MMO developers and publishers are coming under fire from New York based Paltalk Holdings who have filed a lawsuit for patent infringement.
According to an article on Boston.com, Paltalk Holdings is to challenge MMO developers including Turbine, SOE, NCSoft, Activision Blizzard and UK-based Jagex over patent infringment. Paltalk Holdings, which is a provider of software and technology for real-time, rich media, interactive social networking, is trying to protect two patents covering "methods for deploying interactive applications over hosted networks and group messaging servers." In other words, two computers connected to an online world that see and share content fall into this category, according to Paltalk.
The complaint has been filed at the District Court in Marshall Texas, the same location where Microsoft settled a case with Paltalk in 2006 over the same patents.
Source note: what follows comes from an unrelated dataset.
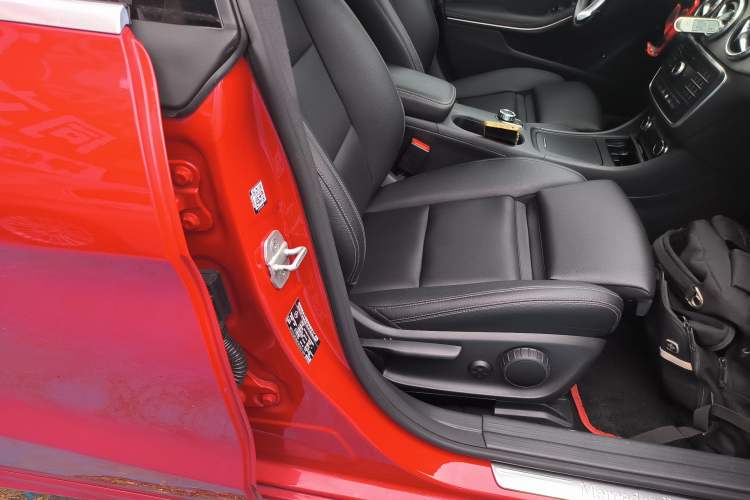 Used Mercedes-Benz CLA 2016 CLA 200 Style Edition Right Front Seat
Paltalk had alleged that Microsoft had been infringing its patents with Halo 2 and Halo 3 on Xbox Live. On the fourth day of the trial, Microsoft conceded and settled out of court. Microsoft subsequently licensed the patents for an undisclosed sum.
Being that Microsoft settled out of court, Paltalk may have a chance of success. The MMO developers/publishers under fire may have to take a similar route to Microsoft and pay a licensing fee to get the case settled.
User comments
Even if one were to go with the whole not aware of their existence thing, which is hard to believe considering they're supposed to be part of the IT world.
Then you'd still run into the same issues with Ultima Online, EQ, Star Wars Galaxies etc. With especially SWG being notable as that was a joint venture with a movie/multimedia company, namely Lucas Arts.
This particular patent must have been very innovatively written (you couldn't SERIOUSLY suggest they came up with the idea of sharing content online!) to make MS back down.
Software patents are absurd and those registering them deserves the ninth circle of hell.
This whole thing is ridiculous and should have been thrown out of court. Also, Microsoft should have fought this until Paltalk went bankrupt from pursuing the issue, not set a precedent because they did not want to be bothered with it.